Naylor points to the availability of a number of creative vegetarian selections, aside from the traditional salads, offered by both markets as a sign of their commitment to providing healthful options. Central Market, for example, recently featured a to-go dinner comprised of tofu with broccolini and mushrooms, brown basmati rice pilaf, Asian slaw, and vegetable egg rolls.
For customers who wish to sit back and relax over a meal, both Whole Foods and Central Market offer plenty of seating. In fact, Whole Foods can seat 200 diners inside and another 200 outside. Both also offer wine and beer by the glass to enhance the dining experience and promote “third place”—or home away from home—conviviality.
From spring through fall, Central Market ramps up the fun factor by setting up a giant grill on its patio and hosting Burgers and Bock (the beer, not the composer) nights, says Naylor.
Play areas for children make both stores favorite dining destinations for families and patio seating—often with live musical entertainment—attract young singles and couples, says Kitty Crider, food editor of the Austin American-Statesman newspaper.
“If you drop by after work, you will stand in line at Central Market with everyone from students to medical personnel to families with young children to older people,” she says. “Both Whole Foods and Central Market have become very popular spots for friends to get together for lunch or dinner.”

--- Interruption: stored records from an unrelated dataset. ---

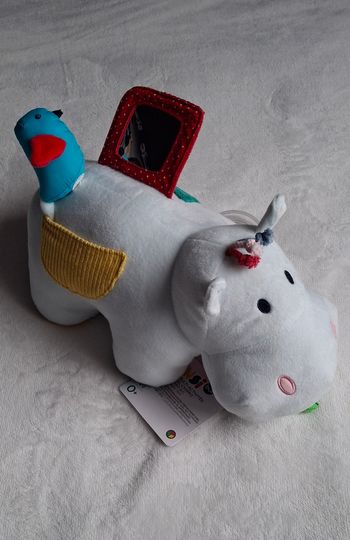 Peluche d'activités Axel l'hippo Oxybul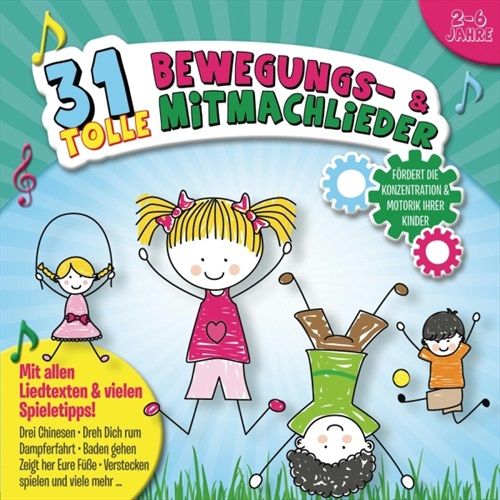 Image of 31 tolle Bewegungs- und Mitmachlieder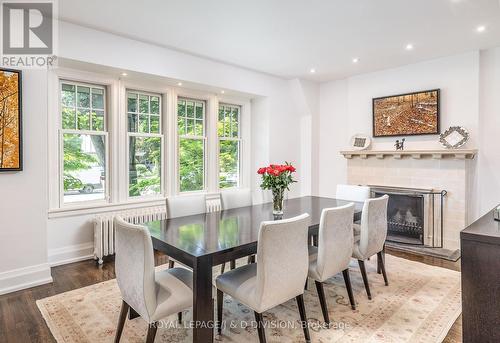 188 Glencairn Avenue, Toronto, ON - Indoor Photo Showing Dining Room With Fireplace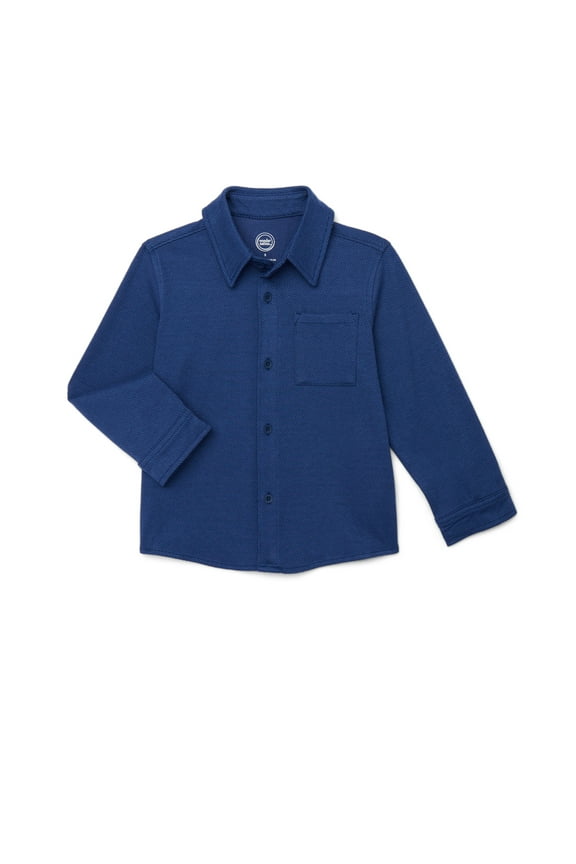 Little Boys' Long Sleeve Button-down Shirt, Sizes 4-10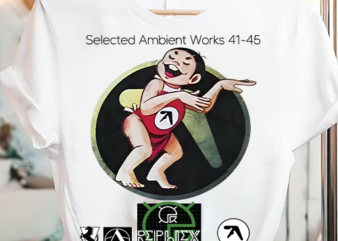 This Selected Ambient Works 41-45 Aphex-Twin Logo Unisex t shirt designs for sale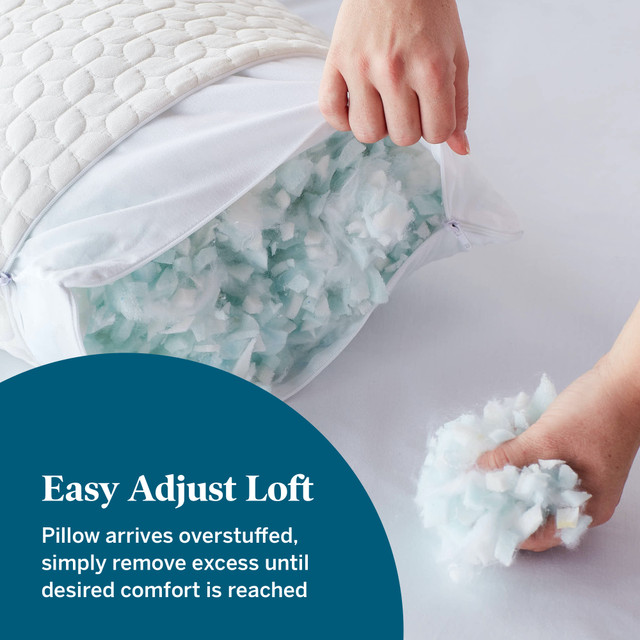 Shredded Gel Memory Foam Pillow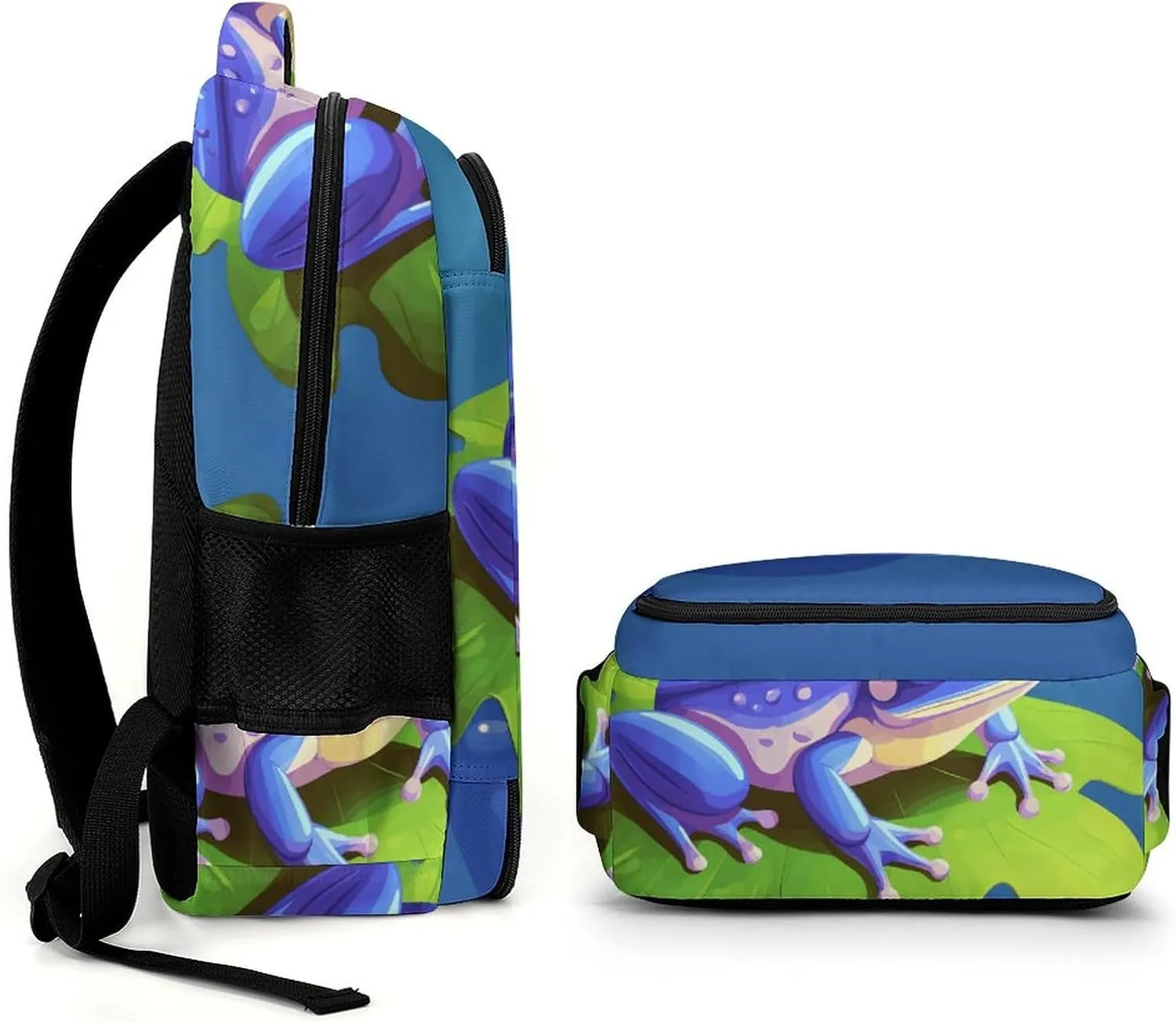 Laptop Backpack for Men Women Daypack A Cartoon Frog Computer Bag Travel Backpacks Laptop Bag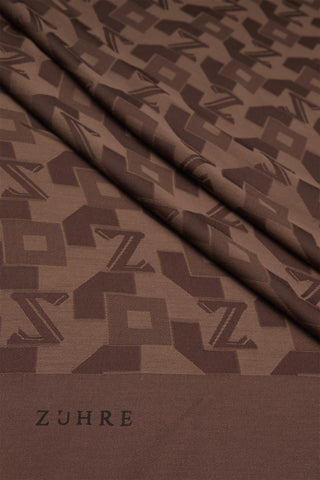 Geometrik Desenli Şal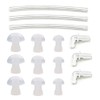 DeaHea 3 Set Hearing Aid Ear Plug Replacement Silicone BTE
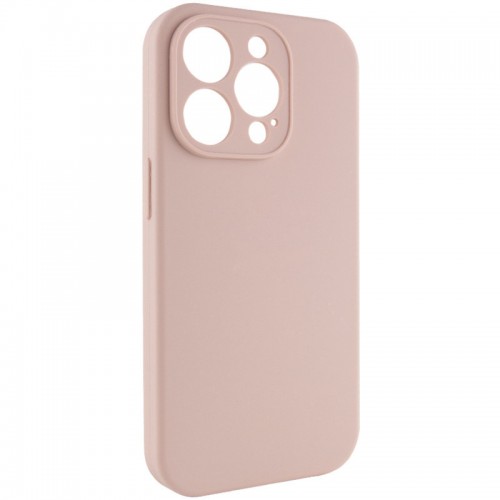 Чохол Silicone Case Full Camera Protective (AA) NO LOGO для Apple iPhone 15 Pro (6.1") Рожевий / Pink Sand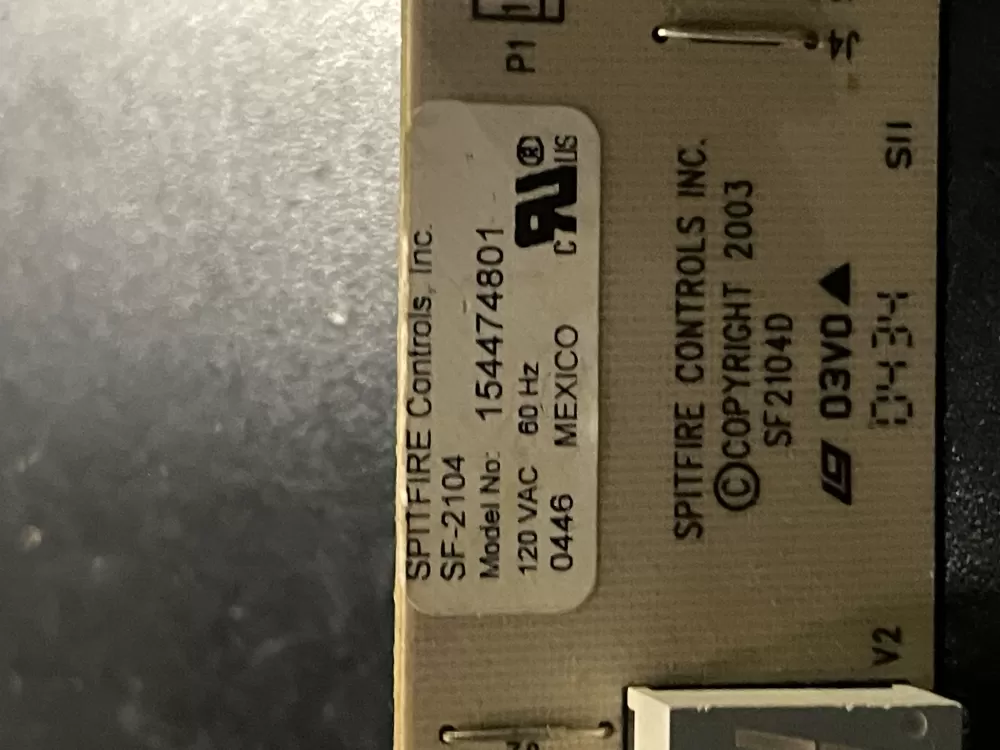 Electrolux 154474801 Dishwasher Control Board AZ28075 | WM282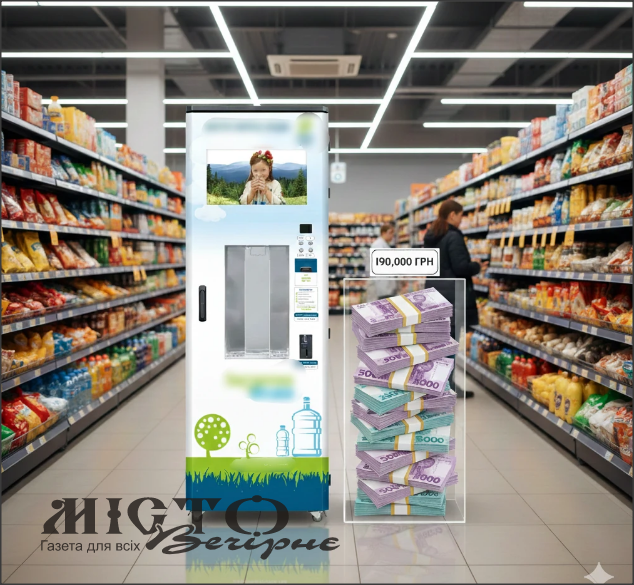 У Нововолинську працівник викрав з аквабоксу понад 190 тисяч гривень 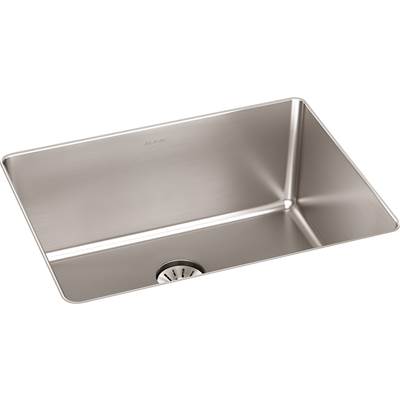 Elkay Reserve Selection Lustertone Iconix Undermount Kitchen Sink - 23-1/2'' x 18-1/4'' x 9'' - Single Bowl with Perfect Drain in Luminous Satin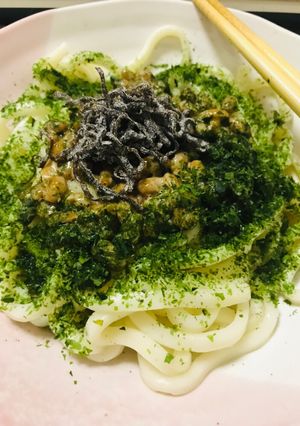 あったかうどん納豆と塩昆布のせ-レシピのメイン写真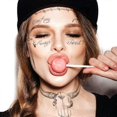 thumbnail image 3 of Temporary Facial Tattoos Fake Fake Tattoo Post Malone Black, 3 of 4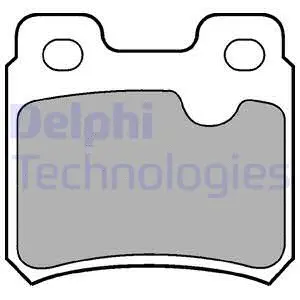 LP586 DELPHI Комплект тормозных колодок, дисковый тормоз (фото 1)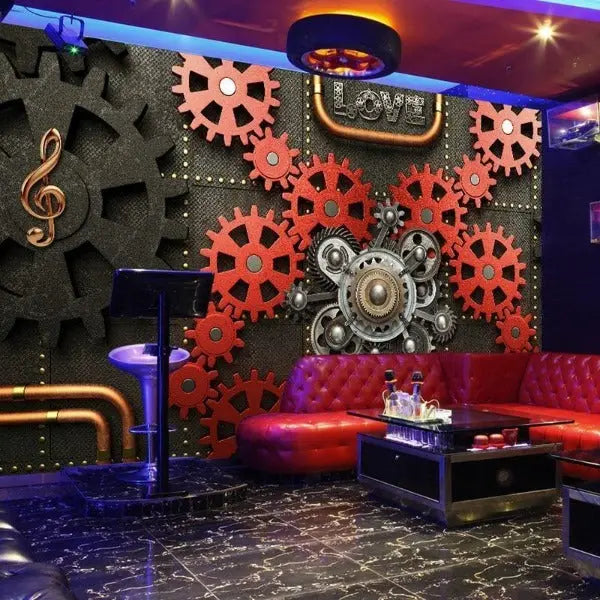 Papier Peint À Motif Industriel Déco Indus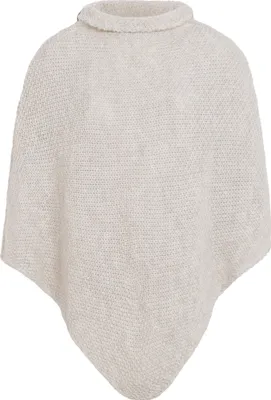 Produktbild von Knit Factory Coco Gestrickter Poncho - Beige - One Size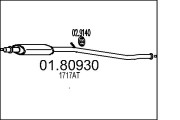 01.80930 Střední tlumič výfuku MTS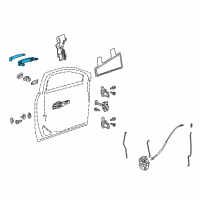 OEM 2020 Buick Encore Handle, Outside Diagram - 13577716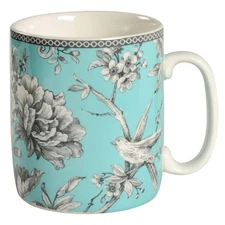 222 Fifth Adelaide Turquoise Jumbo Mug 10670595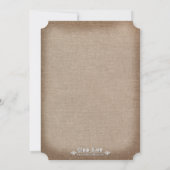 Mason Jar Country Roos Vrijgezellenfeest nodigt ui Kaart (Achterkant)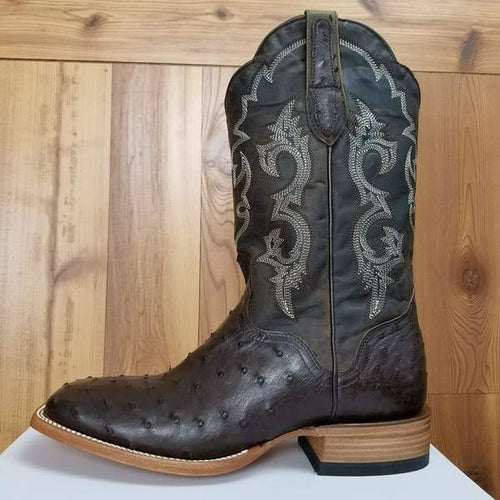 R J.B. Dillon Full Quill Ostrich Boots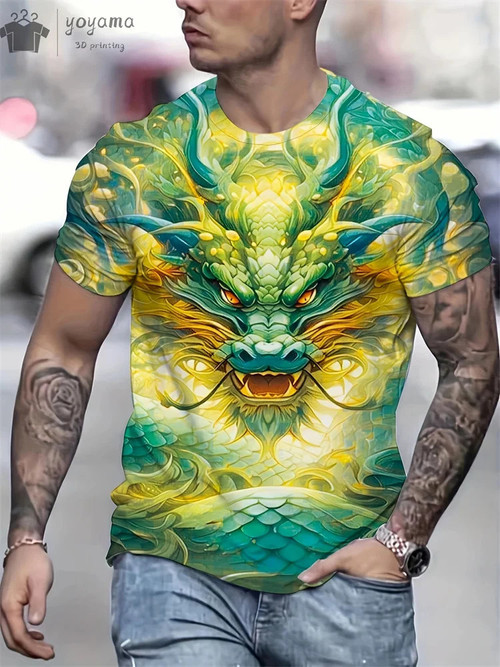 Fantasy Summer Clothes Oversize Shirt Man T Shirt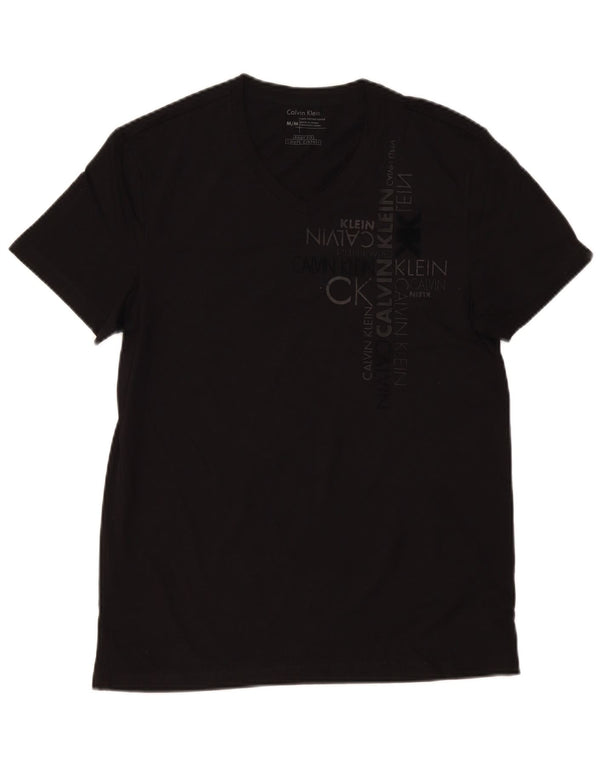 Calvin Klein Herren Body Fit Graphic T-Shirt Top Mittelschwarze Baumwolle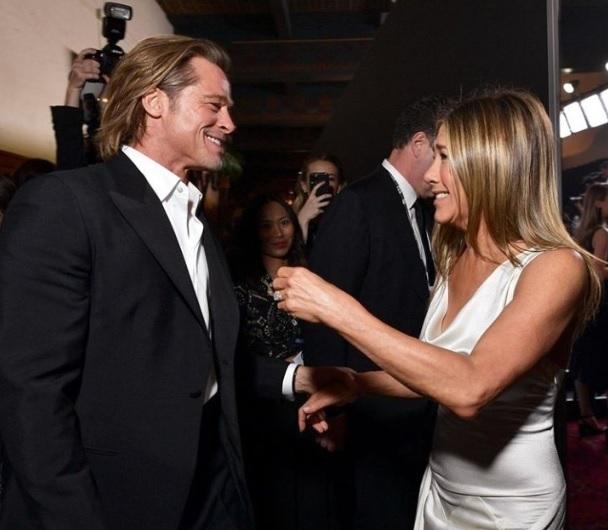 Brad Pitt e Jennifer Aniston se relacionaram no passado (Foto: Reprodução/Internet)
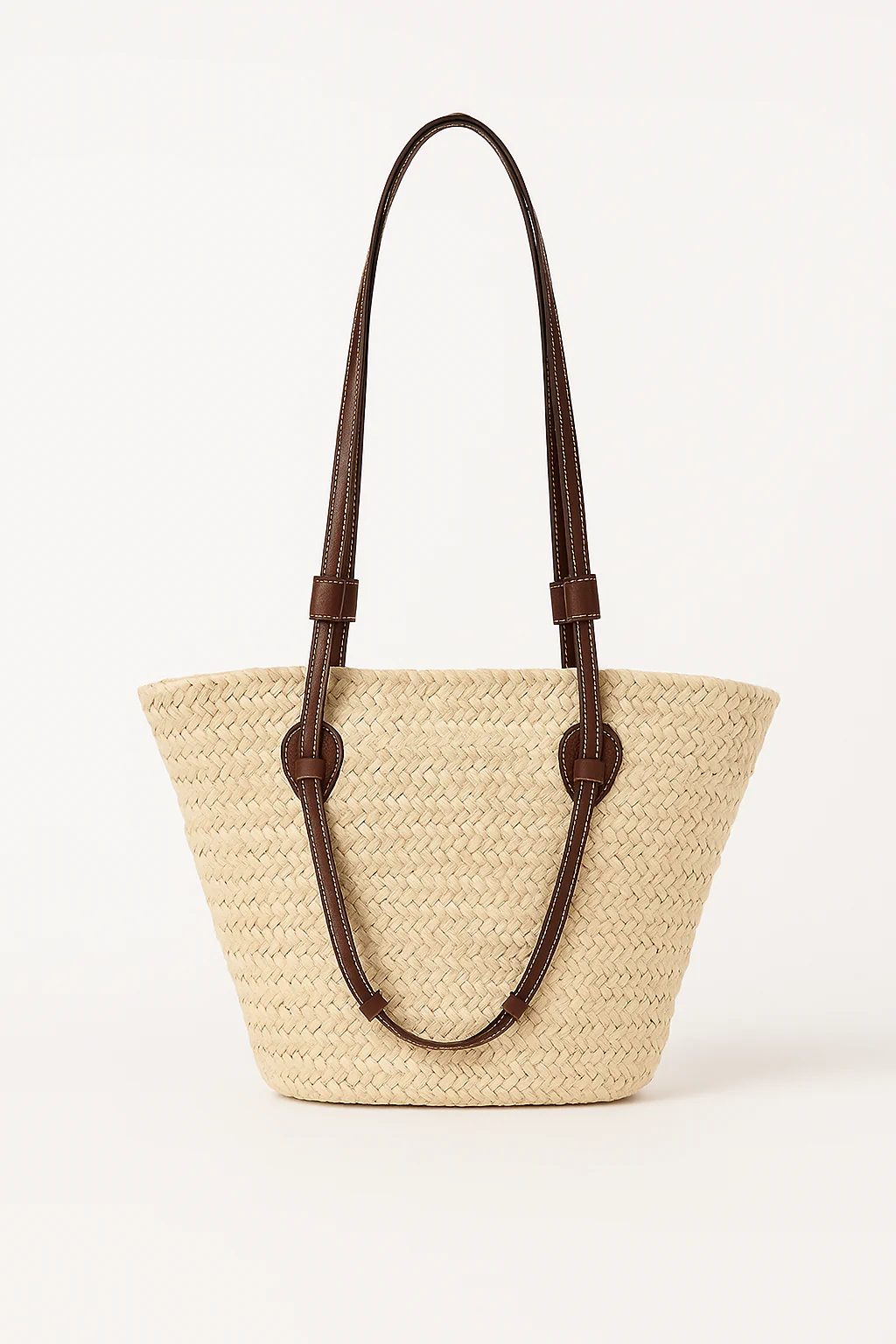 Harper | Grote Raffia Schoudertas voor Dames - Afbeelding 2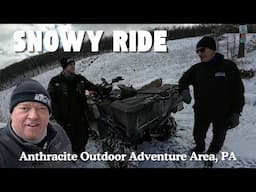 Snowy Ride at Anthracite Outdoor Adventure Area, PA #aoaa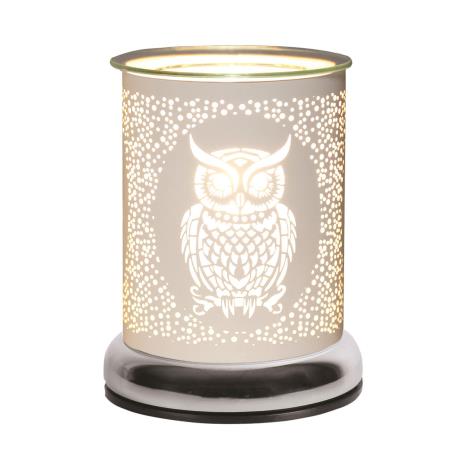 Aroma White Owl Touch Electric Wax Melt Warmer  £21.59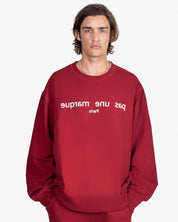 En Arrière Sweatshirt (Maroon)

Turning a visit to the supermarket from a dreaded chore to an eagerly anticipated outing or even a fun social event might be just what the doctor ordered for this ailing industry.
“Foodservice is a great way to reach out to more customers and to increase the frequency of visits by current ones,” says WD Partners’ Lombardi.
Still, logistically, quick-serves have an advantage; supermarkets tend to be a little less convenient in terms of parking and paying, says Mintel’s Mogelonsky. “Dedicated parking for takeout close to the entrance is virtually unenforceable and, with McDonald’s and other fast-food restaurants now accepting credit cards, fewer customers are opting for cash-only express lines,” she said. “Add a quart of milk or a bottle of laundry detergent to an order and you’ve moved out of the fast-food experience into a more complicated fast-food and groceries experience.”
In addition to wanting to avoid experience overload for their customers, many markets are reluctant to invest the substantial amounts of capital necessary to market, merchandise, and staff extensive in-store eateries until they can get a better read on the feasibility and profitability of doing so, according to Mintel research.
While Mintel acknowledges that “supermarkets are expected to continue to win business from traditional restaurants,” the organization’s research also suggests that “many grocery retailers are likely to take a go-slow or even wait-and-see approach.”